§ Work order
Everything in the records must be copied exactly, apart from the pictures.

§ Data excerpts
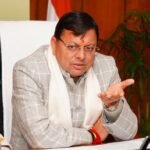 मुख्यमंत्री ने किया लोकतंत्र सेनानी सम्मान पेंशन अनुमन्य किये जाने का अनुमोदन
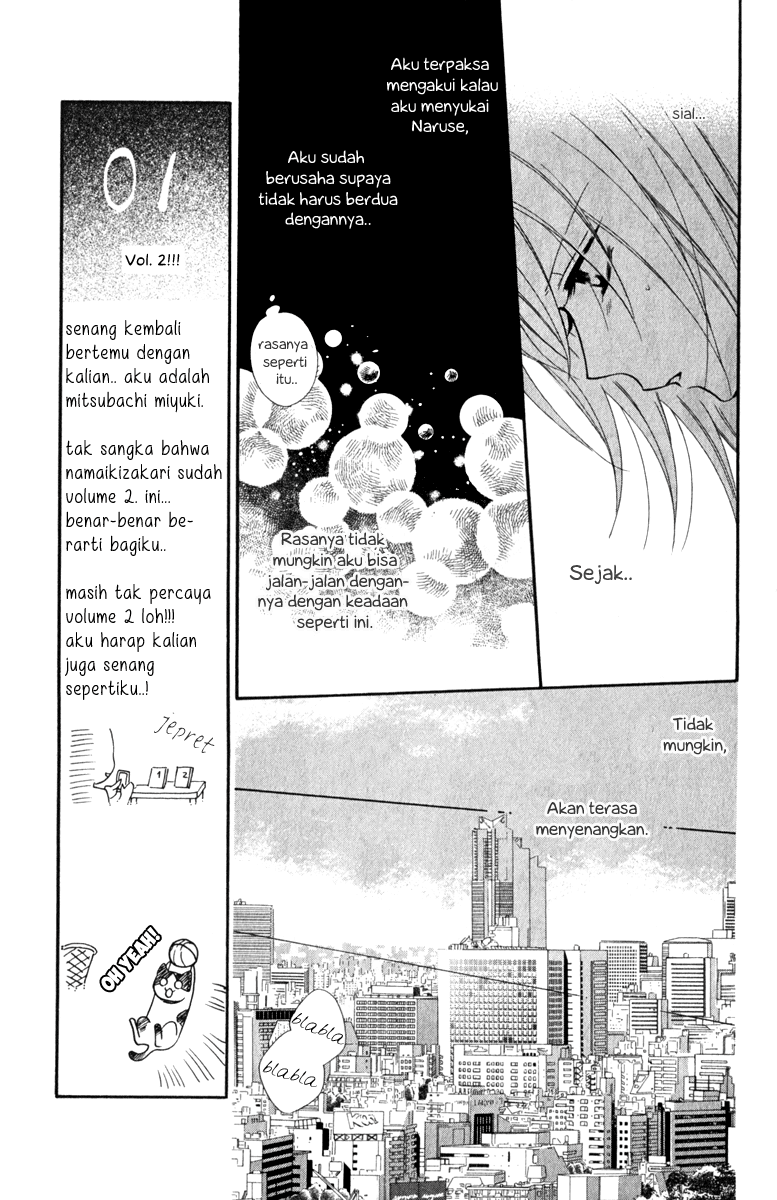 Namaikizakari. Chapter 7 Gambar 13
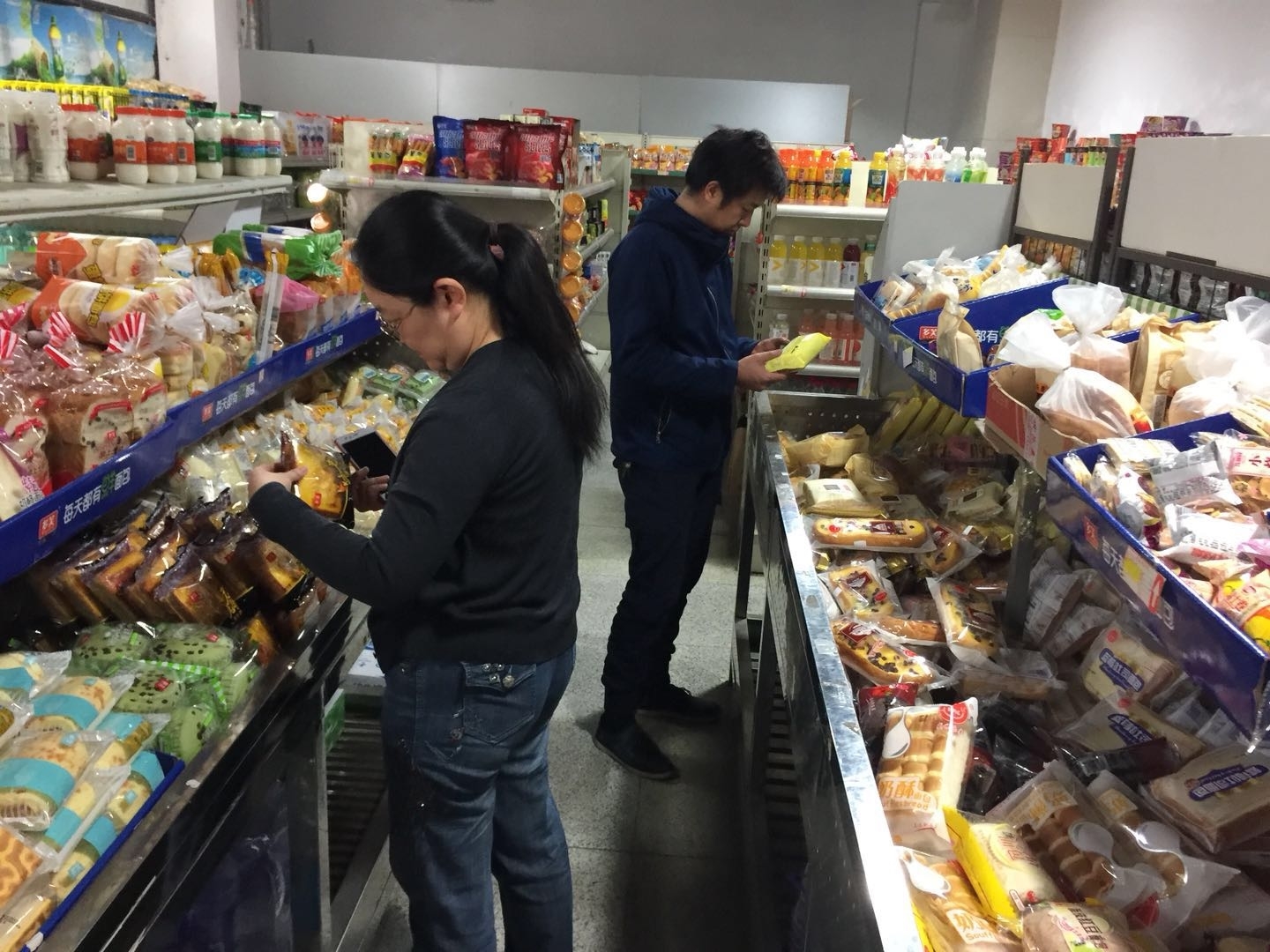 微信图片_20190408073138.jpg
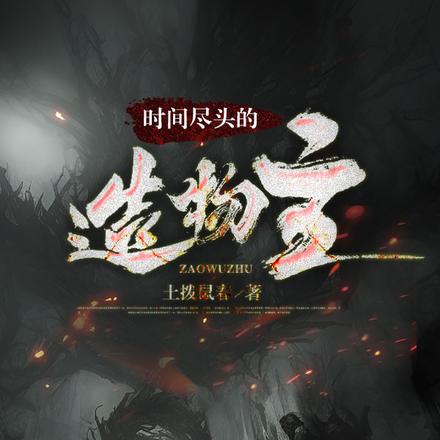 时间尽头的造物主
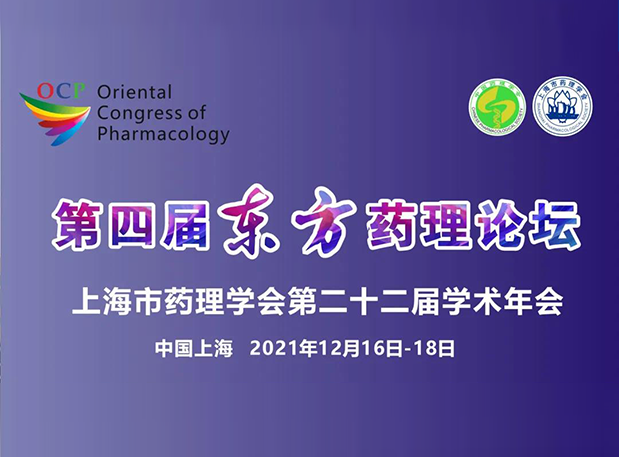 蓄势致远！彭双清教授邀您加入上海第四届东方药理论坛
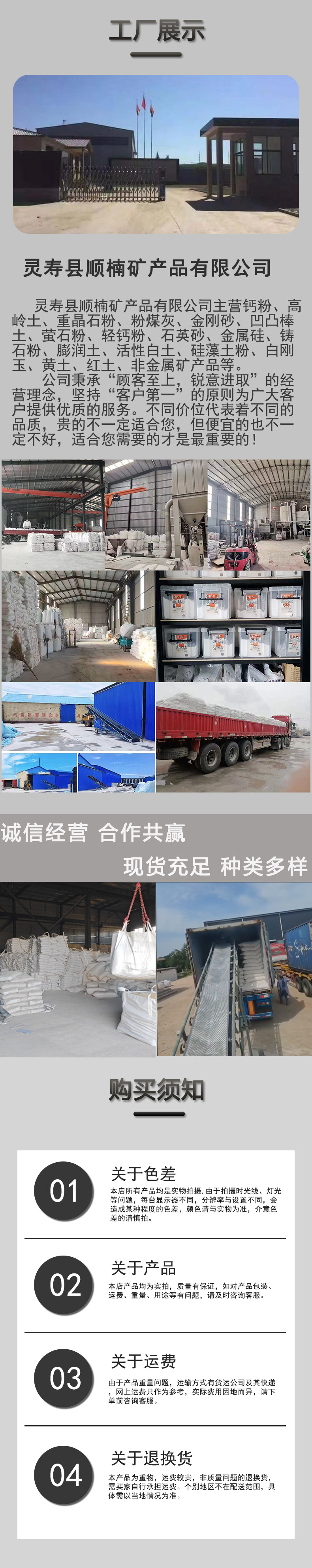 顺楠矿产详情页3部分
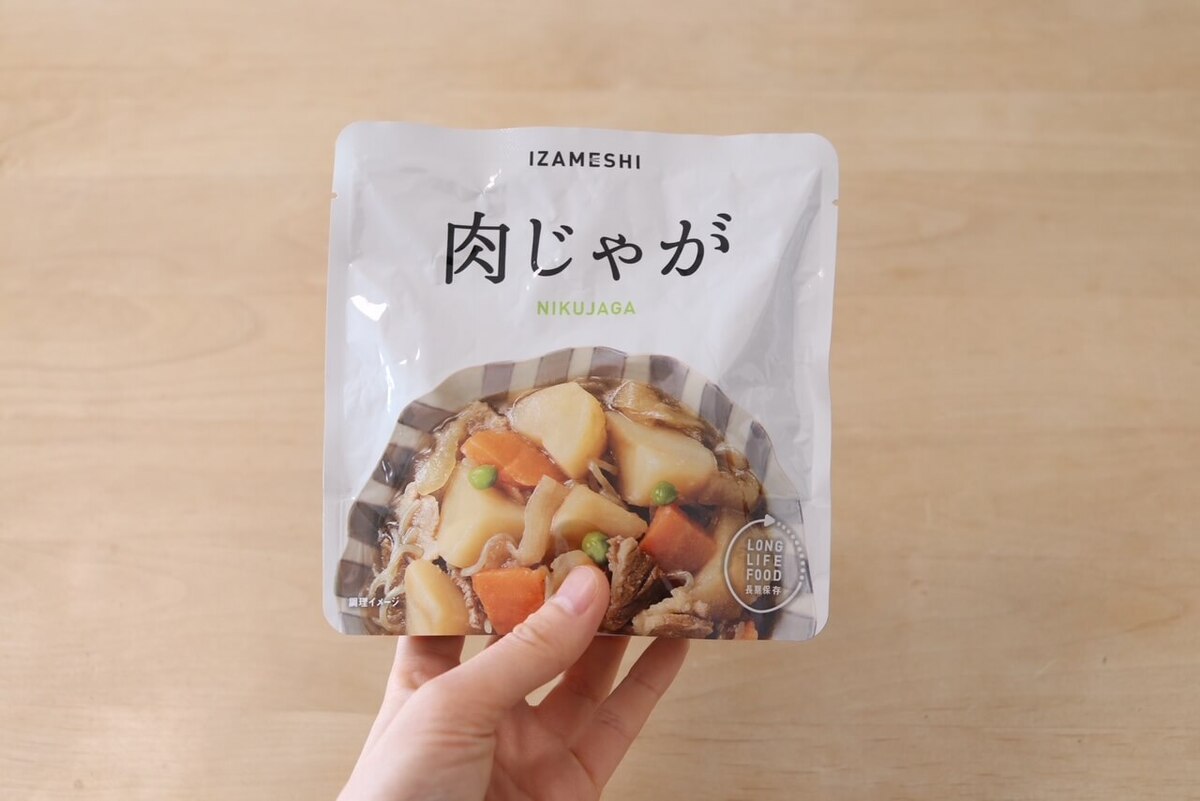 非常食
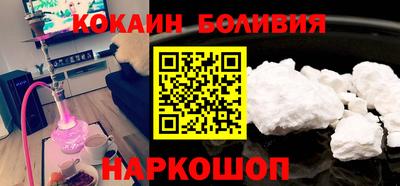 гашиш Рязань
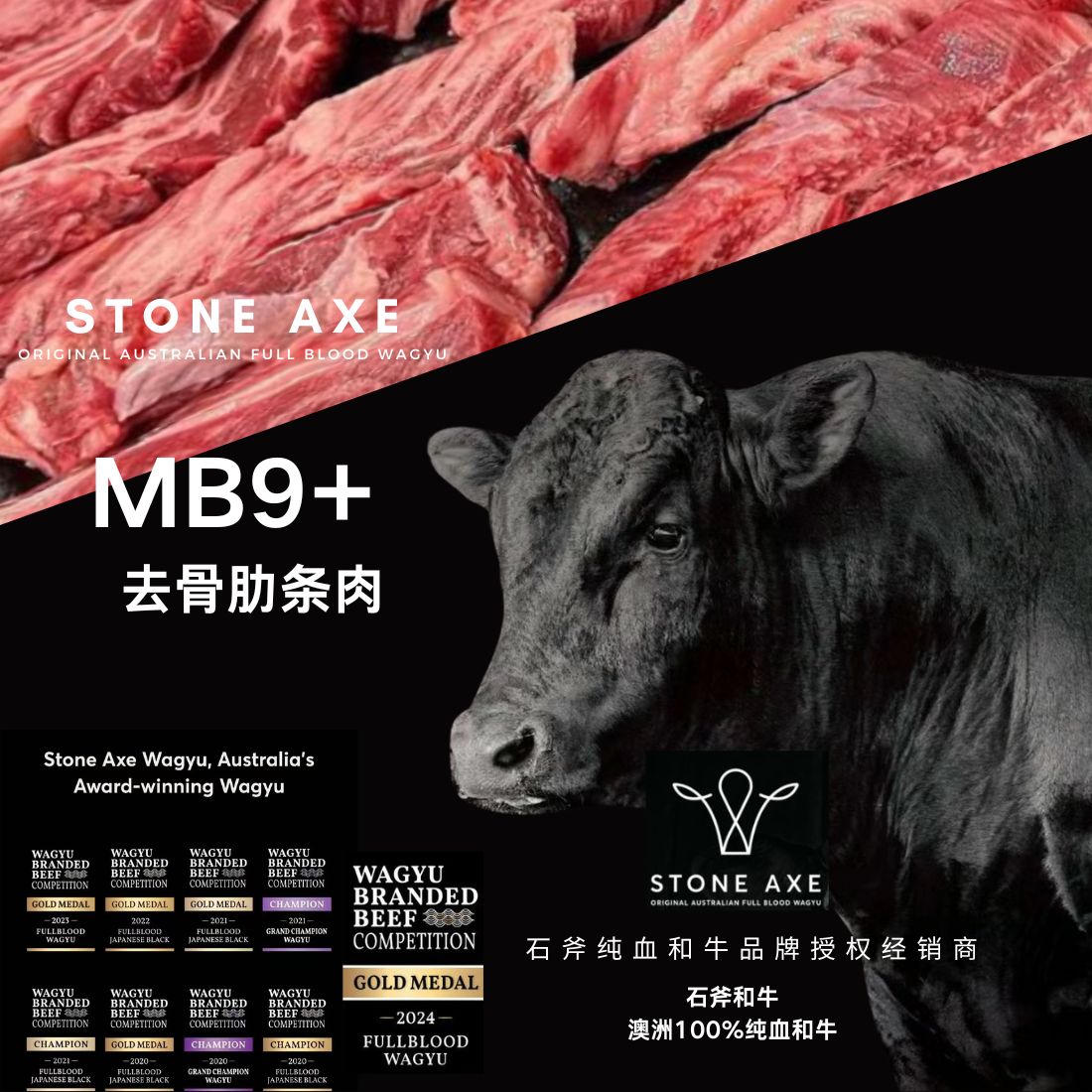原切牛排澳大利亚1265厂石斧纯血和牛9+牛肋条肉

§ Task response
 मुख्यमंत्री ने किया लोकतंत्र सेनानी सम्मान पेंशन अनुमन्य किये जाने का अनुमोदन
 Namaikizakari. Chapter 7 Gambar 13
 微信图片_20190408073138.jpg
 时间尽头的造物主
 蓄势致远！彭双清教授邀您加入上海第四届东方药理论坛
 顺楠矿产详情页3部分
 非常食
 гашиш Рязань
原切牛排澳大利亚1265厂石斧纯血和牛9+牛肋条肉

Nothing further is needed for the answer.